Artificial Intelligence. It's a funny phrase the more you stare at it. Artificial Intelligence. Funny and terrifying. Not funny scary -- Ha Ha, but funny scary, I'm about to lose my mind.
Well, half of me is. I feel so divided.
One side of me loves the novelty, the possibility, the potential. That’s the writer of electronic literature. This is the side that wrote Hallucinate This! an autobotography of ChatGPT. Or the part that co-created the netprov writing games like Pr0c3ss1ng and the Grand Exhibition of Prompts. Or even the one who develops writing exercises for my Advanced Writing course.
The other side of me is terrified. Or at least highly suspicious. That side is the professor of (human) writing with a lifelong investment in software and critical code studies. The scholar collaborating on a book about ELIZA, the first chatbot, the one that made its creator Joseph Weizenbaum turn on the burgeoning AI field even in the 1970s. I’m part of the last generation to grow up without an internet, but the first generation to grow up with home computers, raised at the end of the so-called Gutenberg parenthesis, when books still reigned as the premier keepers of knowledge. The part of me that trained in critical approaches to cultural objects and learned to view all technology with a skeptical eye.

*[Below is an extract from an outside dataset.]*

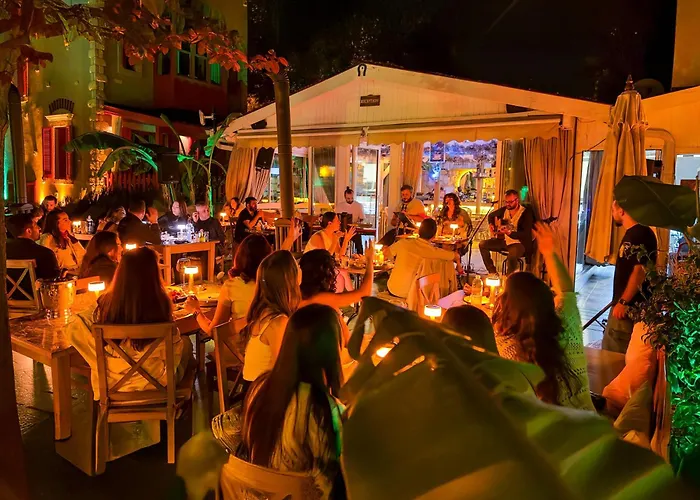 Banana Alacati Food & Stay - Adults Only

And both sides meet up in a little sidewalk cafe of “art-and-playful intelligence” which draws both upon critical AI studies, in the footsteps of Rita Raley, N. Katherine Hayles, and others, and in my creative artistic practice. Lately, I’ve been feeling a need to post some of the napkin notes from the coffee shop debates in my mind.
So, here’s a new forum, a substack listserv.
Here you’ll find notes from all the voices debating in my head and in the heads of others. Conversations I’ve been having with Jeremy Douglass, Anna Millls, Maha Bali and others. I’ll offer thoughts on the latest news and tools, share assignments and links, and also experiment with the tech. We’ll examine issues of bias and white supremacy, the transformation in the creative arts, and the impact on education.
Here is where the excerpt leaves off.